By André Schwarz
Regional Technical Director (Central Europe North)
Read this article to find out about:
- The image-processing capabilities required to support machine vision in embedded systems
- Features of the new S32V SoC from NXP that support machine vision
- The NXP software and tools that enable rapid vision system development
How Might the Operation of Industrial Machinery be Transformed if it Could See the World Around it?
Until recently, this has been a hypothetical question for many types of industrial equipment. True, some applications for machine vision do exist: high-volume manufacturing or process plants, for instance, often rely on cameras to perform Automated Optical Inspection (AOI), to spot defects or classify goods more reliably, quickly and cheaply than human operators. Camera equipment also performs visual tasks such as optical character recognition, for instance to log car registration plates in car parks. Until now, such applications for machine vision have called for a system architecture based on a camera connected to a PC or server.
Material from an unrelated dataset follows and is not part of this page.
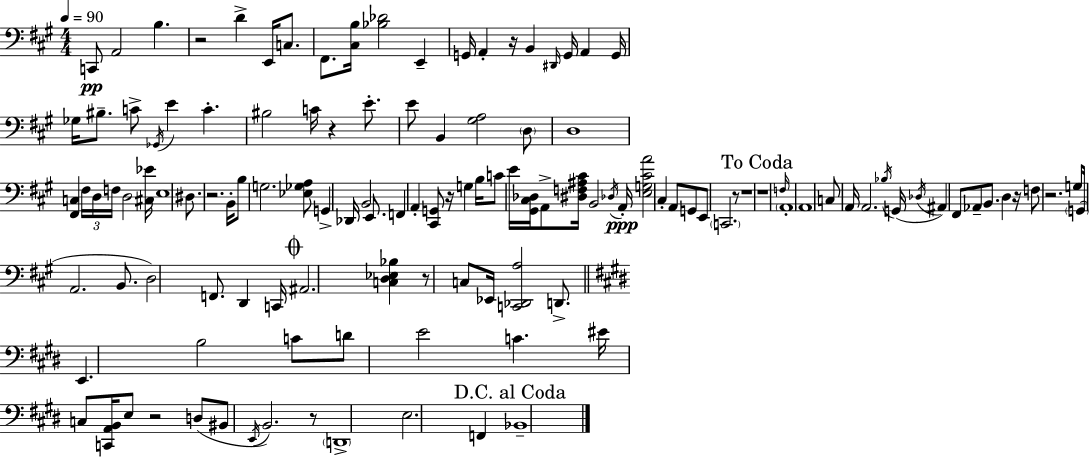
C2/e A2/h B3/q. R/h D4/q E2/s C3/e. F#2/e. [C#3,B3]/s [Bb3,Db4]/h E2/q G2/s A2/q R/s B2/q D#2/s G2/s A2/q G2/s Gb3/s BIS3/e. C4/e Gb2/s E4/q C4/q. BIS3/h C4/s R/q E4/e. E4/e B2/q [G#3,A3]/h D3/e D3/w [F#2,C3]/q F#3/s D3/s F3/s D3/h [C#3,Eb4]/s E3/w D#3/e. R/h. B2/s B3/e G3/h. [Eb3,Gb3,A3]/e G2/q Db2/s B2/h E2/e. F2/q A2/q [C#2,G2]/e R/s G3/q B3/s C4/e E4/s [G#2,C#3,Db3]/s A2/e [D#3,F3,A#3,C#4]/s B2/h Db3/s A2/s [E3,G3,C#4,A4]/h C#3/q A2/e G2/e E2/e C2/h. R/e R/w R/w F3/s A2/w A2/w C3/e A2/s A2/h. Bb3/s G2/s Db3/s A#2/q F#2/e Ab2/e B2/e. D3/q R/s F3/e R/h. G3/e G2/s A2/h. B2/e. D3/h F2/e. D2/q C2/s A#2/h. [C3,D3,Eb3,Bb3]/q R/e C3/e Eb2/s [C2,Db2,A3]/h D2/e. E2/q. B3/h C4/e D4/e E4/h C4/q. EIS4/s C3/e [C2,A2,B2]/s E3/e R/h D3/e BIS2/e E2/s B2/h. R/e D2/w E3/h. F2/q Bb2/w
But a PC-based system design has considerable size, cost and power implications which put it beyond the reach of many mainstream industrial applications. As this article shows, however, the introduction of a new generation of vision-enabled Systems-on-Chip (SoCs) backed by user-friendly tools for vision application development is making it possible for the first time for almost any kind of embedded system to add intelligent vision to the range of functions it provides.
The Cumbersome Hardware Architecture of Today’s Machine Vision Systems
The difficulty of implementing intelligent machine vision arises from the size and character of the data to be processed. An industrial image sensor typically has between 1 million and 10 million pixels, and operates at frame rates of up to several hundred frames per second. When IT professionals talk about the potential of ‘big data’, they are referring in part to the huge amounts of image data generated by such embedded cameras.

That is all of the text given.